▶ **What to produce**: Ignoring every picture, transcribe the data in full as it stands.

▶ **Data excerpt**:
>>>

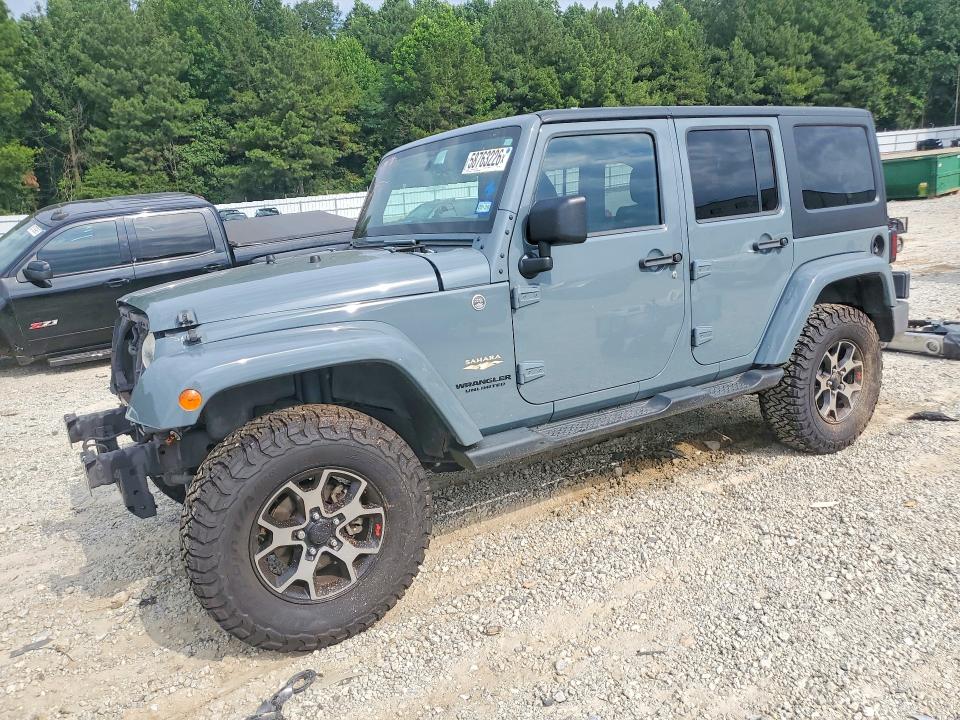 Aukcja sprzedaży 2014 Jeep Wrangler Unlimited, vin: 1C4HJWEG7EL138598, numer aukcji: 58763226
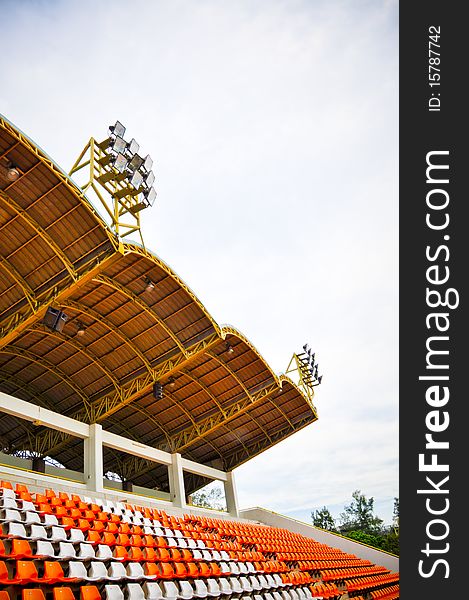 Grand stand at bangkok,THAILAND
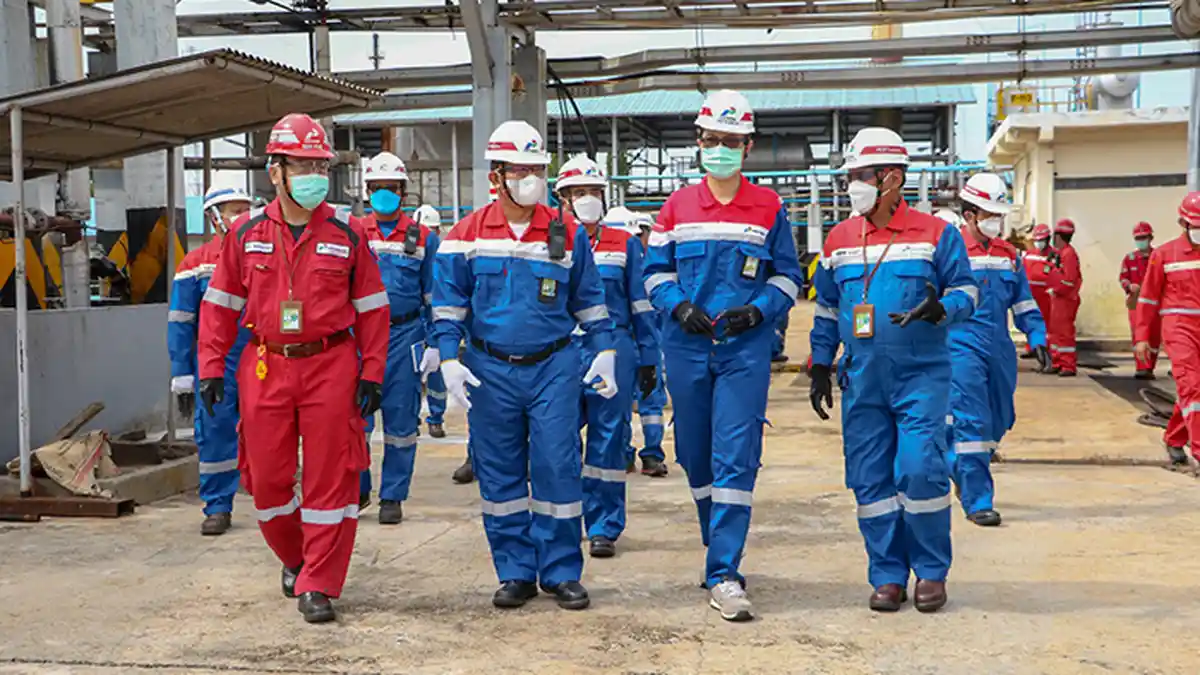 Kunjungi Kilang Dumai dan Sungai Pakning, Direksi PT KPI Ingatkan Penerapan Process Safety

<<<

▶ **Reply**:
 Aukcja sprzedaży 2014 Jeep Wrangler Unlimited, vin: 1C4HJWEG7EL138598, numer aukcji: 58763226
 Grand stand at bangkok,THAILAND
 Kunjungi Kilang Dumai dan Sungai Pakning, Direksi PT KPI Ingatkan Penerapan Process Safety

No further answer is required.